A historic wooden Chinese sailing junk that crossed the Pacific in 1955 makes an even more improbable return journey after the family of its original sailors campaign to save it from the scrapheap and bring it home.
Screened as part of NZIFF 2017
Return of the Free China Junk 2015
When Robin Greenberg embarked on Huloo (2008), her loving film portrait of the Christchurch tai chi master Loo-Chi Hu (aka Huloo), she took on a much bigger story than she knew. In her next film, The Free China Junk (2010), she traced the amazing journey he and five mates made from Taiwan to San Francisco in 1955, crossing the Pacific in a wooden Chinese sailing junk. In effect escaping martial law in Taiwan, they had the nerve to persuade the authorities to back their adventure, making their boat the national entrant in a Trans-Atlantic (sic) race.

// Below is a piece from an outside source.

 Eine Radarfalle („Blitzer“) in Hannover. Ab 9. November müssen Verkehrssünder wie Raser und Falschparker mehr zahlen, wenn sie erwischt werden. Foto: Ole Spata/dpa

In this new film Dione Chen, the daughter of Huloo’s junk-mate Reno, heads an international effort to rescue the historic junk before it’s turned into firewood in California and return it to Taiwan. It takes heroic persistence to make it happen, but Dione’s project finds support on both sides of the Pacific, and crucially from a Taiwan ready to embrace its conflicted past. By the time Huloo and his two surviving junkmates, all in their 80s, rejoin the junk at their original point of departure, you may be as moved as they are by the cohesion of resources and goodwill that’s gone into keeping their legend alive.